[Editor’s Note: This article was written by the CTL’s Laurie Hansen.]
One day, my daughter came home from elementary school excited about math. Why? Her teacher, (shout out to Mr. Swanson!) assigned the kids a task: Fantasy Football. Following in the footsteps of a University of Mississippi study which “[i]n 2009, …surveyed 342 middle school and high school students who used fantasy sports in math class” and found that Fantasy Football definitely has an impact on what kids think and feel about math.
So teachers, how would you like to participate in some groundbreaking research? Dr. Kim Beason from the University of Mississippi will lead a study that investigates…
“basic fantasy sport consumer behaviors of youth in grades 5-12 and collect data from youth and teachers on the effectiveness of using fantasy sport in the classroom to teach mathematics and determine the efficacy of the Fantasy Sport and Mathematics system….”
Dr.

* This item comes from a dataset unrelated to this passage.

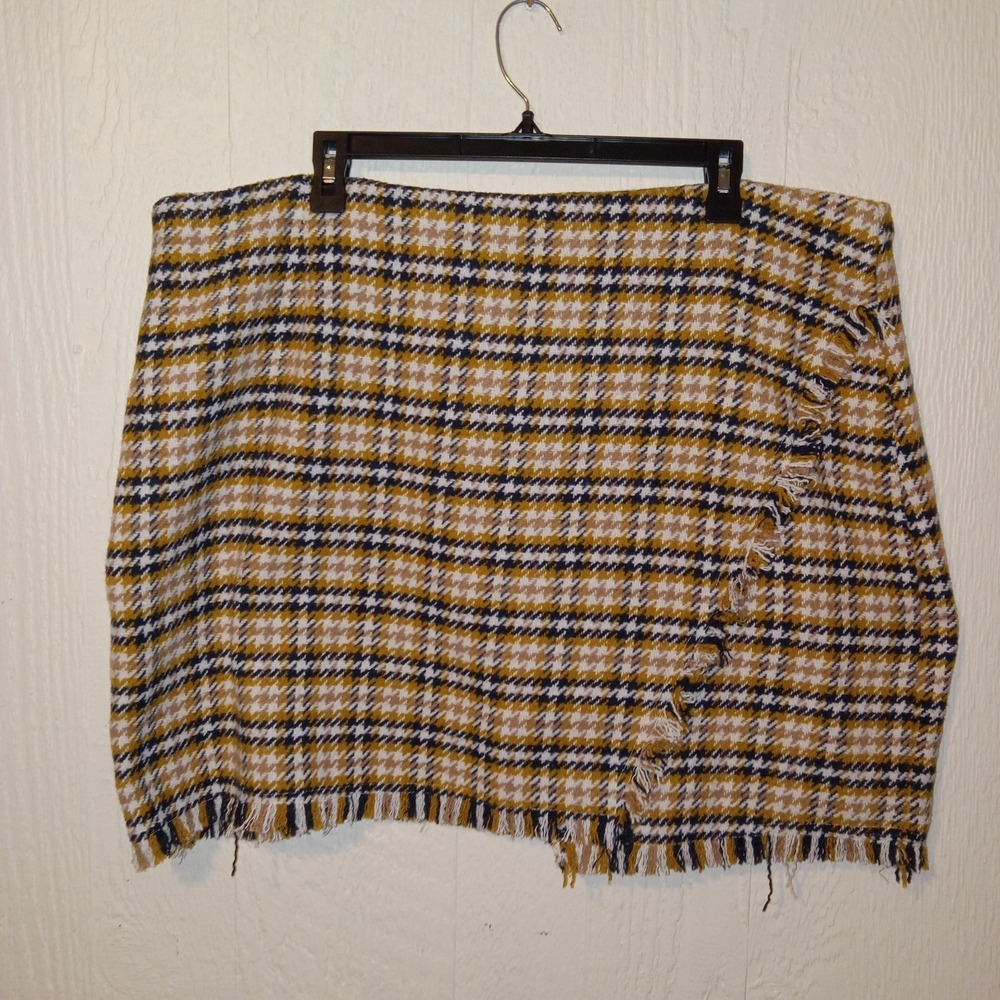 Unbranded Houndstooth Mini Skirt Women Size 2XL Yellow Blue Fringe Wrap Trim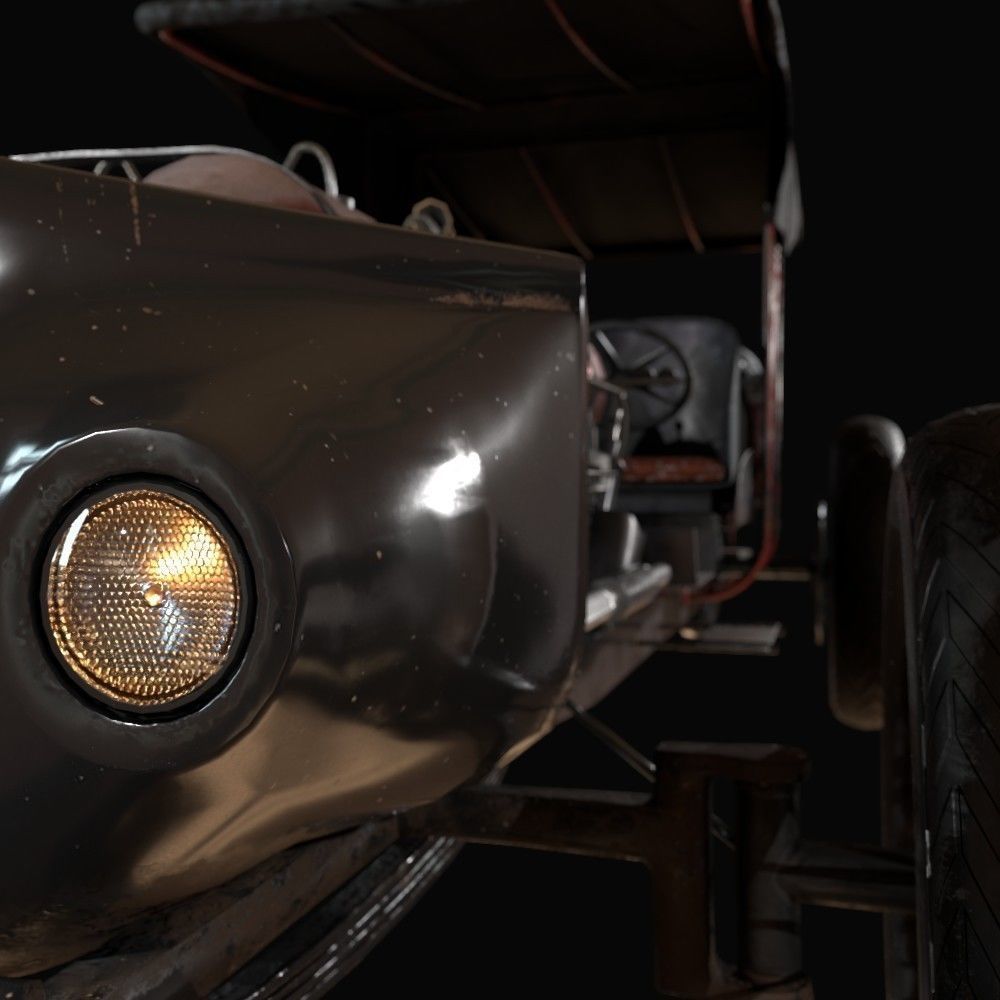 Old Car Low-poly 3D model_6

Beason is “recruiting teachers and students in grades 7-12 (age 12-18) that attend public or private schools that use the Fantasy Sport and Mathematics curriculum from school districts across the U.S. Teachers from the nine U.S. Census Bureau geographic regions will be sent surveys their students should complete during class. The questionnaire should only take 10-15 minutes of your time and your participation is voluntary.” Sound good? The open call for participation will continue through 2011.
- NFL Fantasy Football FAQs for beginners
- Find out more about the OleMiss study here!
- Take it to the next level – Tips from MIT grad students
- Bring language arts into the mix and have your kids write a Fantasy Football poem, uh, rap?
Let the math begin!
Innovations Lab 
Laurie and others,
Thanks for the post! The results look good enough that this is worth looking into further. Games and simulations are good ways to help students become interested in mathematics. Traditional math education bores many students because the math is often presented dryly. And with little focus on meaning and understanding, students come to believe that math is nothing but manipulating meaningless symbols according to arbitrary, meaningless rules.
But we should take caution when deciding to introduce games and applications in a math course. We should use a variety of them to reach out to as many students as possible. No matter what game, some students will not like it. No matter what application, some students will not understand it or find it meaningful or applicable. One discussion question in a general education math course elsewhere deals with an application of economics, but just about all of us during Summer 1 of this year–including me–found it difficult to get any meaning from the discussion that week because that particular application is meaningless to those whose background in economics is superficial, which was the case for nearly every one of us.
And another caution with applications: Some applications are contrived, and others are just purely mathematical problems “dressed up” with a real-world context. For instance, a problem asking for how many committees I can form with three assistant professors, two associate professors, and five professors from a university with 65 total assistant professors, 53 total associate professors, and 42 professors is not an application of combinatorics but just a purely mathematical problem “dressed up” in a real-world context. Why is this? Who in the real-world would find the answer useful for anything beyond mere curiosity? Even if one could find the answer useful for practical purposes, this question reveals nothing about that. That is not to say that such questions are bad, but we should take heed in labeling such questions(in fact, this question does have mathematical value because it helps students practice ideas that can be used in genuinely practical problems) as “applications.” The answer is interesting but does not help us solve any practical problems.
I checked out their website and sample problems. One difficulty I see is that these problems do not respect the differences between ratios and fractions. Students and teachers being confused about the differences between fractions and ratios has caused many problems with students’ understanding of both fractions and ratios. Several fellow mathematicians and mathematics educators and I in online discussions at Math Forum have been looking into this problem (along with others in the teaching of arithmetic) lately. I won’t go into the details here, but suffice it to say for now that a fraction represents a number, a single quantity whereas a ratio is a comparison of two or more quantites. That is, a ratio is not a fraction because it is not a number like a fraction is.
Jonathan Groves